Nationality is the allegiance of an individual citizen to a particular state with all the associated rights and obligations. Each country determines who its nationals are, and whether and under what conditions this nationality can be lost or acquired in accordance with the general principles of international law and within its limits. In Germany, nationality is governed by the German Nationality Act (Staatsangehörigkeitsgesetz – StAG).

If a foreign national seeks to acquire German citizenship, he or she must submit an application for naturalisation. The legal basis both for the acquisition and loss of German nationality can be found in the German Nationality Act (Staatsangehörigkeitsgesetz – StAG).
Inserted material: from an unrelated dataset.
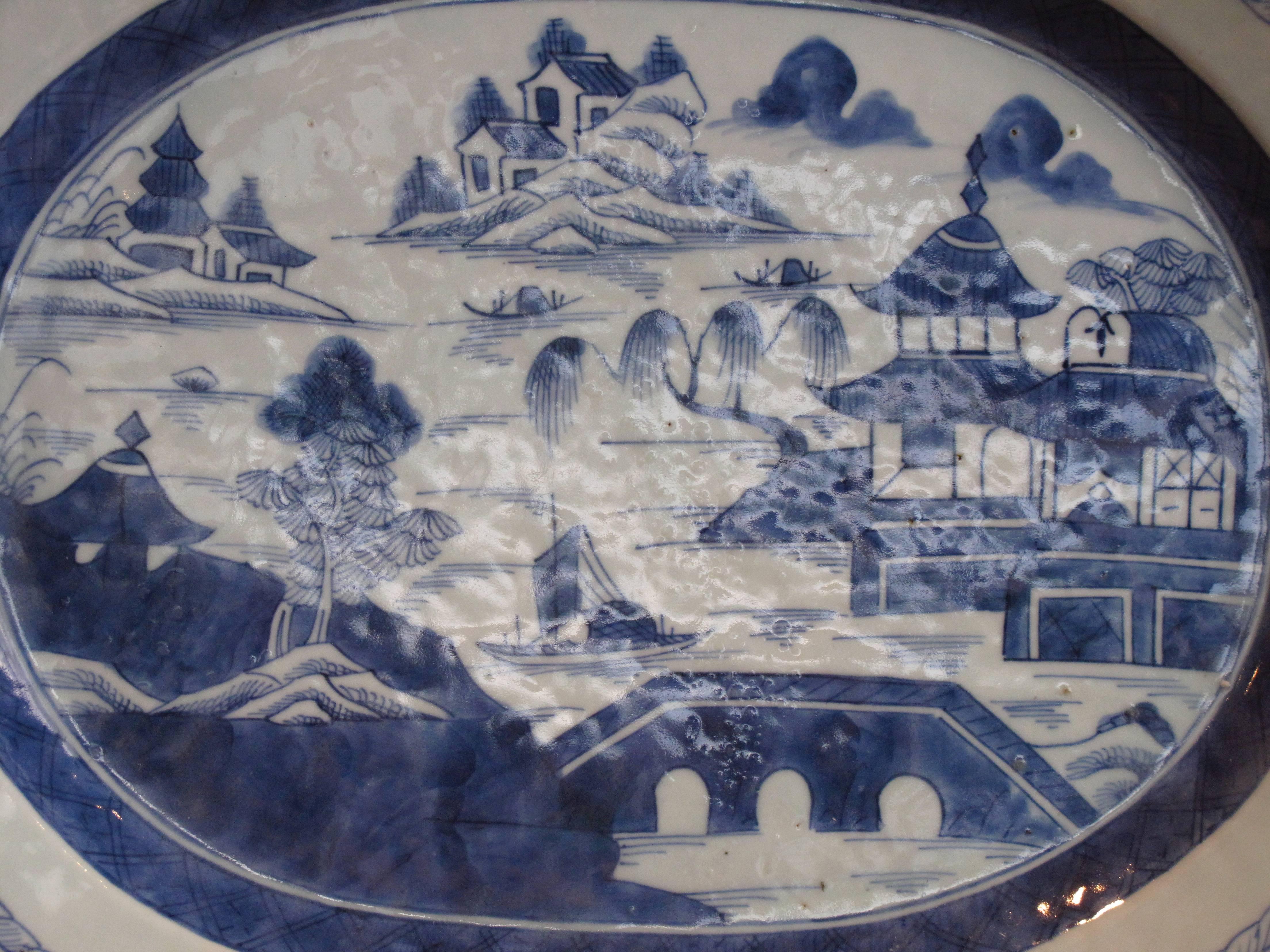 A ca. 1860 Chinese export blue and white platter with a shaped rim enclosing the traditional decoration of estuary scenes with temples and a bridge.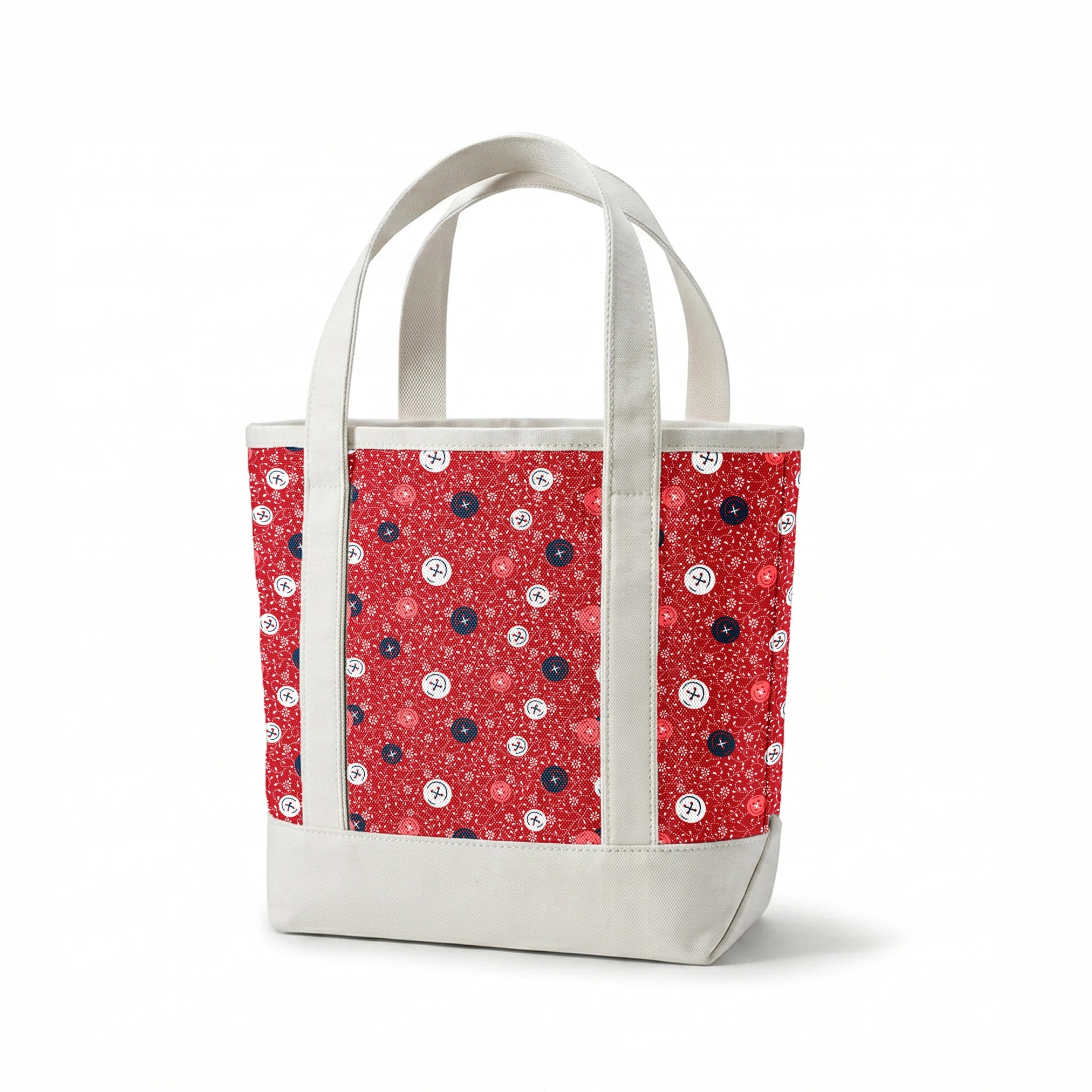 Red background with scattered buttons in white, blue, and coral colors featuring sewing motifs and small floral patterns springs canvastote mockup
Due to the lack of uniform regulations between the individual countries, you can have one, two or multiple nationalities or even no nationality at all.

To be naturalised in Germany, you will normally need to give up your old citizenship

In Germany, on the other hand, it is important to know that you will normally lose your former nationality with naturalisation or must renounce it, because Germany wants to avoid creating multiple nationalities through naturalisation (section 10 para. (1) no. 4 of the German Nationality Act), since the aim of naturalisation should be for the applicant to pledge allegiance to Germany alone. Moreover, there is no general entitlement to dual nationality (aka multiple nationality)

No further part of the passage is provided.